In some ways, folklore, as represented by Oh My Little Darling and similar compilations, offers a rebuke to the Great Man school of history, established in the 19th century and still perpetuated today by such scholars as Joseph J. Ellis. That approach to the past suggests that all history is motivated by the actions of great and powerful individuals. Folklore relocates both the motivation and the documentation to the will of the people.
In that regard, this compilation is a fine introduction to American folk music as a populist force, especially if you’re looking to start a band. That’s what Jay Farrar, Jeff Tweedy, and Mike Heidorn were doing when they discovered Oh My Little Darling at the Belleville, Missouri, public library in the late 1980s. It opened up a new world for them and showed them how they might marry folk subject matter with punk guitars. The trio took the name Uncle Tupelo, and the roots of their debut, No Depression — not to mention the genre it inspired, also called No Depression, or alt-country, or whatever-you-call-it — twist tightly around these old recordings. The band would even cover two songs on their third album, plainly titled March 16-20, 1992 after the rough dates for the sessions in Athens, Georgia.
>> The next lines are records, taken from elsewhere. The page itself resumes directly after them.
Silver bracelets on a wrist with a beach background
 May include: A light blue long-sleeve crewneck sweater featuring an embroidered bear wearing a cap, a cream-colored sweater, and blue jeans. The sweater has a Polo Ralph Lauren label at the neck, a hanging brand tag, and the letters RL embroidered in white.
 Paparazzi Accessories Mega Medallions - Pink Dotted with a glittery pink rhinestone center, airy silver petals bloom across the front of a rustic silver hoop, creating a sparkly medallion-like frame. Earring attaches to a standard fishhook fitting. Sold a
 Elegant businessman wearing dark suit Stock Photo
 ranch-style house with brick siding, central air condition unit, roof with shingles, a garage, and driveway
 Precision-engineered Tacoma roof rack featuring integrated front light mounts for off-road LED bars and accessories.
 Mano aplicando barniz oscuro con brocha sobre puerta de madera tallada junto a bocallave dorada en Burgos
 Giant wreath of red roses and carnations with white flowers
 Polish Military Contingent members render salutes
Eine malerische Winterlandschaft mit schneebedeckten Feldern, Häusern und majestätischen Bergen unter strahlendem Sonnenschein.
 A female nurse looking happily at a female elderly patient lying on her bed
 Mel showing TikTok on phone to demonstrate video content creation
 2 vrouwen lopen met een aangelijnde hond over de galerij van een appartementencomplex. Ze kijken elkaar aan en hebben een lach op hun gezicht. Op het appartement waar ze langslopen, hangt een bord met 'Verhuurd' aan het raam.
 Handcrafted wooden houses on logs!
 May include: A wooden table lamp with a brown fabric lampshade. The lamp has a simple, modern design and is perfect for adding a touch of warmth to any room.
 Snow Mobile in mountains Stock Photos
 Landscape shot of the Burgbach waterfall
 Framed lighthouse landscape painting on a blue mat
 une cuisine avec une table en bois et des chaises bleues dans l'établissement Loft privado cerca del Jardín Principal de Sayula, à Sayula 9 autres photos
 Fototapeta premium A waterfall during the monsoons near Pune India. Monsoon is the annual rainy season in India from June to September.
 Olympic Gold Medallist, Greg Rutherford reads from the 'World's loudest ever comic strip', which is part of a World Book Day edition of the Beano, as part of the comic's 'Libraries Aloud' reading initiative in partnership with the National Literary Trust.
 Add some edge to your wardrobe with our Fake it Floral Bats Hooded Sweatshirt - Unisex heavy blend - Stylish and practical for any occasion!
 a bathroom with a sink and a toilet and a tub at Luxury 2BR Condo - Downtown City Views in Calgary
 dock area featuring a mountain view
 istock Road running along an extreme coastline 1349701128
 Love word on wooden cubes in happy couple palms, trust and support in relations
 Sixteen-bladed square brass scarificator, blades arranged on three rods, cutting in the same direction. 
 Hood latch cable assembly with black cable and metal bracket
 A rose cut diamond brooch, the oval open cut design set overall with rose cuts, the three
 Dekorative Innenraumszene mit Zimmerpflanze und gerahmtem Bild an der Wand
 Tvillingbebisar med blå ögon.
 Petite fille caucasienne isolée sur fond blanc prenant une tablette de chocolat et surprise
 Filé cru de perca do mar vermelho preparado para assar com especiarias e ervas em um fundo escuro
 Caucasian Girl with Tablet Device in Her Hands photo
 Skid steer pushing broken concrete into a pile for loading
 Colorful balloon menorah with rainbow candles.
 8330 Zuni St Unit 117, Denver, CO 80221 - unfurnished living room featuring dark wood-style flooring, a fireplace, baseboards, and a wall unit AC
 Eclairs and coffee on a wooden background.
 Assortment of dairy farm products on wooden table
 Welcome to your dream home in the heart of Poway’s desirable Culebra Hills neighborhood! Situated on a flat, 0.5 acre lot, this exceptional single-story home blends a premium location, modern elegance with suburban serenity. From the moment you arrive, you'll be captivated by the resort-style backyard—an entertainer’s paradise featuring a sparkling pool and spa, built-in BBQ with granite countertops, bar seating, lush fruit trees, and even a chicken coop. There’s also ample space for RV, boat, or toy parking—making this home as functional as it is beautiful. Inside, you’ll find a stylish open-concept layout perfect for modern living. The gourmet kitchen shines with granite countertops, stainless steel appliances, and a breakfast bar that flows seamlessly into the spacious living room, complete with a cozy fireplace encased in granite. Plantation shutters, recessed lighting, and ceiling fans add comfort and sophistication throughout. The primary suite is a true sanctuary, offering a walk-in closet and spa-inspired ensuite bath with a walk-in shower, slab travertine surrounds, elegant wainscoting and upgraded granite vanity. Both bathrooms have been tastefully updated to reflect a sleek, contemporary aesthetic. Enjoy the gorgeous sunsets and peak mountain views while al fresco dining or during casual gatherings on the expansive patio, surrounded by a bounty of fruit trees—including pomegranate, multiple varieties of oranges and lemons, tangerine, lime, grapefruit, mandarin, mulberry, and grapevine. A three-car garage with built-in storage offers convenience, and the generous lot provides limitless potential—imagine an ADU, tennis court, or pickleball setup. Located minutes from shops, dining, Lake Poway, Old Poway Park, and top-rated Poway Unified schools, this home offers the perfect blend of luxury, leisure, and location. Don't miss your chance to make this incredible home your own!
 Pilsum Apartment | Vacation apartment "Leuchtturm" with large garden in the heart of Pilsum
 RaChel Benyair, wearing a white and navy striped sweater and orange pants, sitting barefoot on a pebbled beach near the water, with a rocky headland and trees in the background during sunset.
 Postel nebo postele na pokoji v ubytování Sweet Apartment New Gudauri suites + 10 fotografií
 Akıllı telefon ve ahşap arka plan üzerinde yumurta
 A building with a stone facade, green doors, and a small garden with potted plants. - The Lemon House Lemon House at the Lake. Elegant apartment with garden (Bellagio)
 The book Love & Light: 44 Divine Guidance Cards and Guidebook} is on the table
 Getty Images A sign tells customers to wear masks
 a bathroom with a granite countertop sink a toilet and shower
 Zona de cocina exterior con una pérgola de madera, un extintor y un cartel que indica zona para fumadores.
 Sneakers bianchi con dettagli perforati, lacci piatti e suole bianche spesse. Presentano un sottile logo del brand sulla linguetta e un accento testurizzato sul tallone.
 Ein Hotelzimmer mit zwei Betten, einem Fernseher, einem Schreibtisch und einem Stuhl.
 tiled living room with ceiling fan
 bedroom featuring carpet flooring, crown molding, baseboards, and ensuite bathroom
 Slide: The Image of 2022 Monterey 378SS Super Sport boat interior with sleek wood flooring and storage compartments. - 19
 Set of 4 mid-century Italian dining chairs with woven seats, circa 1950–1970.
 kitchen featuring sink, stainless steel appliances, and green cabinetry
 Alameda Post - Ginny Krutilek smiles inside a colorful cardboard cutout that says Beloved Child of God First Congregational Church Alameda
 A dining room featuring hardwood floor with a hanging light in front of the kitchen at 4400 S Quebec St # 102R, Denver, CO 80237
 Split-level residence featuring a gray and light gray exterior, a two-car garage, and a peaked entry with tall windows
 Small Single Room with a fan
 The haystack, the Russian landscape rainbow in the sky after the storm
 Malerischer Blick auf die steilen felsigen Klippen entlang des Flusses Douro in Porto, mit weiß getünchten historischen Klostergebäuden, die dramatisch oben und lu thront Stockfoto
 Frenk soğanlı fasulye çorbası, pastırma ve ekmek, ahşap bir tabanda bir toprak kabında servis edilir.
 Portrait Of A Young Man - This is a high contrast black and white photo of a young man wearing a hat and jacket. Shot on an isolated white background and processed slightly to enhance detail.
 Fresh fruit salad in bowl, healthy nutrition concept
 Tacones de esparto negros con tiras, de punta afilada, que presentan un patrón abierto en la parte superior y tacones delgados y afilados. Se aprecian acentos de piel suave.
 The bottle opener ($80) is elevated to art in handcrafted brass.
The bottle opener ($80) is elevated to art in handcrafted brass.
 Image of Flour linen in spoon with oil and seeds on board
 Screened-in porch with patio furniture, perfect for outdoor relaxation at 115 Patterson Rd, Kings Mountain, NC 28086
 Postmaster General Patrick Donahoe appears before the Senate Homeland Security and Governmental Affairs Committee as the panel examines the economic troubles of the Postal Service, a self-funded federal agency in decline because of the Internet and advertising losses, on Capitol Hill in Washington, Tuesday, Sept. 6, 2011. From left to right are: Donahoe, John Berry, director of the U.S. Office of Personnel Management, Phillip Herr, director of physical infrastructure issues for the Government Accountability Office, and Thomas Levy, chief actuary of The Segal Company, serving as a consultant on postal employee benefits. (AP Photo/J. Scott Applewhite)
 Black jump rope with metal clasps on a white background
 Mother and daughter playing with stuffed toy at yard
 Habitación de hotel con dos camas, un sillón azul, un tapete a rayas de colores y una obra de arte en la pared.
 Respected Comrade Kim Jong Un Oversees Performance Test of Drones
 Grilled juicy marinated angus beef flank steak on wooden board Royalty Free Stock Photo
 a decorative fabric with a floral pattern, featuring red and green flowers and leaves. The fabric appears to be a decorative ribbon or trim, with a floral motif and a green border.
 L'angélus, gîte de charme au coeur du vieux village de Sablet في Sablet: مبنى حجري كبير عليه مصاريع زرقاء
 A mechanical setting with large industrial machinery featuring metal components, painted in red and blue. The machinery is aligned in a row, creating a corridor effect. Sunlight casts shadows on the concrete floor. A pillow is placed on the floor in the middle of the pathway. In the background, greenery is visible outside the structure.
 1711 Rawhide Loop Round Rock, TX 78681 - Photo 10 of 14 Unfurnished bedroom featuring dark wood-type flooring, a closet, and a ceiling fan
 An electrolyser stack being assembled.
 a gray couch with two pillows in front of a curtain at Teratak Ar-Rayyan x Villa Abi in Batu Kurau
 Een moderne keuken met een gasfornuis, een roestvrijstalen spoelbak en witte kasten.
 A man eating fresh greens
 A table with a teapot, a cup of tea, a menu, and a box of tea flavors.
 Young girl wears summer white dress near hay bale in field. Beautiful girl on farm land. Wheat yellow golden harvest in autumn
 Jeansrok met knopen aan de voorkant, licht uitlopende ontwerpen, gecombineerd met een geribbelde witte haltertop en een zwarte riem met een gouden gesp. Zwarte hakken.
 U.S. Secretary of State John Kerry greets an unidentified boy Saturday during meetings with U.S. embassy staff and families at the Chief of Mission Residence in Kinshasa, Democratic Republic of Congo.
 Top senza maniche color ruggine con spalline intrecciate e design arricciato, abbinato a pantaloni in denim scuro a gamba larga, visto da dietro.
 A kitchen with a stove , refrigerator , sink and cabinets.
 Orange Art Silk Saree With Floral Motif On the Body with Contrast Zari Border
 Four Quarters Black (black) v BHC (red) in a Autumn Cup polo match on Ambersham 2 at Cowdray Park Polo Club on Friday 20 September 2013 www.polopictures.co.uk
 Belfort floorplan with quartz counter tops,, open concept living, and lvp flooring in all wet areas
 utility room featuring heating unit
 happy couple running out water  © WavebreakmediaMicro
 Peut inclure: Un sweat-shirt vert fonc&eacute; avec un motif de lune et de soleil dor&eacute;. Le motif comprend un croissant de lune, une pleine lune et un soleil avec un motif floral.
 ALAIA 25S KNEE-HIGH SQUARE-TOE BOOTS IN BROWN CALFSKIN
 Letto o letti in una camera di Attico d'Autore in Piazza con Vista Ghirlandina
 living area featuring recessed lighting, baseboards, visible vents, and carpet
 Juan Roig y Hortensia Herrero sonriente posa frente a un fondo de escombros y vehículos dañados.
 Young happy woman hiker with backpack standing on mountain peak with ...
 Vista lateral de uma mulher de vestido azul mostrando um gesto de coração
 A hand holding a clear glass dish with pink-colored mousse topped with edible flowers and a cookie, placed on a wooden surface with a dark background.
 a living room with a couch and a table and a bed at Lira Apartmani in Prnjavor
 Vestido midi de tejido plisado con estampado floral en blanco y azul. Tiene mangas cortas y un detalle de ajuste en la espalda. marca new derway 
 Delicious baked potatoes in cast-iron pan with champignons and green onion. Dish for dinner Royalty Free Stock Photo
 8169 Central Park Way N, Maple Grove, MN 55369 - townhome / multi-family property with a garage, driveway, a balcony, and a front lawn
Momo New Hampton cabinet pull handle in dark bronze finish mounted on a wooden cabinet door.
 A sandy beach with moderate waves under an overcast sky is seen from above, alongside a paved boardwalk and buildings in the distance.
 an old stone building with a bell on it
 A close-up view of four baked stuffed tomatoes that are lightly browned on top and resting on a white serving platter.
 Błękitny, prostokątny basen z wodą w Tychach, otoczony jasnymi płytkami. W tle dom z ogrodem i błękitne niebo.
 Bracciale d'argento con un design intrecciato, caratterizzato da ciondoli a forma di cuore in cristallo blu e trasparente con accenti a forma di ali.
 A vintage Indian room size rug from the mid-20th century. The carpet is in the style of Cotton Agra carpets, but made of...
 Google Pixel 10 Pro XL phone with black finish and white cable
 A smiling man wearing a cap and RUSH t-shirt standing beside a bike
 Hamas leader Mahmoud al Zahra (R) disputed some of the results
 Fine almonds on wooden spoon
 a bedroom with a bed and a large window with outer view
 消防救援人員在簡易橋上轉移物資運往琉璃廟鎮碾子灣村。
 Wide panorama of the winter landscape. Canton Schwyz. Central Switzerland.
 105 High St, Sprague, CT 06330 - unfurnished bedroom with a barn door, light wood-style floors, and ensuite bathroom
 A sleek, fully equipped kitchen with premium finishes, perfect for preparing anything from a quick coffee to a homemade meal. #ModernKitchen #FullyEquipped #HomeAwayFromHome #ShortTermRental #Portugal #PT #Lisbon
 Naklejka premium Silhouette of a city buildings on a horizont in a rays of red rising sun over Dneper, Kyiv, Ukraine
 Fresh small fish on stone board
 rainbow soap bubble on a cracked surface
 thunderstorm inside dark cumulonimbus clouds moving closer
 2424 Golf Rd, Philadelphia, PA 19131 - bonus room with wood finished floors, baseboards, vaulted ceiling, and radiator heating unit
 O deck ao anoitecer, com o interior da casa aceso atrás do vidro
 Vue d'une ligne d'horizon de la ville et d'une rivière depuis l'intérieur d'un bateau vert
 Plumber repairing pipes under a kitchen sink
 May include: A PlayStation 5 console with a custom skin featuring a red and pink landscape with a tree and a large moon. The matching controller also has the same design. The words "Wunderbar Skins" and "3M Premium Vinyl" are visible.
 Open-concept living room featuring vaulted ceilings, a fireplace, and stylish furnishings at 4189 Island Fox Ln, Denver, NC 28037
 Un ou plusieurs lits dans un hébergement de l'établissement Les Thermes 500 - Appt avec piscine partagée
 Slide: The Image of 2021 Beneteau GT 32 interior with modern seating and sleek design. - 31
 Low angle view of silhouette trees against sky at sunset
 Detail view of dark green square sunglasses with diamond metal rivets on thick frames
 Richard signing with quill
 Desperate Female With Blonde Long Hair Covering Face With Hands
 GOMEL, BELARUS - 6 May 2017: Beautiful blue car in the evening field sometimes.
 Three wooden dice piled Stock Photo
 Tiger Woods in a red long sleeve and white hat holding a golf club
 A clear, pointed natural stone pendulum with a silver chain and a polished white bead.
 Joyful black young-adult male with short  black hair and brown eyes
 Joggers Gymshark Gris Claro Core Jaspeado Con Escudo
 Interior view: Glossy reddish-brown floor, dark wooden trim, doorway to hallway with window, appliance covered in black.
Farrar sings both tunes in his grave baritone, turning “Lilli Schull” into a time-stopping mea culpa. The song plods along as he draws out each line, as though he’s trying to stall the snap of the noose around his neck. It’s a much more obvious interpretation than the sisters’ original, but still affecting in its deliberation.
Farrar also sings the 1937 labor song “Come All You Coal Miners,” written and performed by Sarah Ogan on Oh My Little Darling. This original is a cappella, her only accompaniment the hiss and crackle of the archival 78 record, and she sounds righteous and outraged describing the dangerous conditions miners faced at the time: “Coal mining is the dangerousest work in our land today,” she spits, “with plenty of dirty slaving work and very little pay.” She makes her closing line a rallying cry to presumably striking laborers: “Let’s sink this capitalist system to the darkest depths of hell.”
Farrar never had the humor or the audacity to sell such a line, but he nevertheless savors the historical details in Ogan’s lyrics. “I know about old beans, bulldog gravy, and cornbread,” he sings, as though the camp menu was a password to the union meeting. His version is more a lament, perhaps sung from the point of view of a miner who survived the pits yet still recalls the perils. Neither “Coal Miners” nor “Lilli Schull” resembles its original, which is the whole point: Uncle Tupelo understood that the class issues of the 1930s were pretty much the same as those of the 1980s, which empowered them to participate in that folk tradition and put their own stamp on these old songs. For that reason, Oh My Little Darling stands as a foundational text in alt-country and contemporary Americana — a testament to the malleability of American folk music in all its types.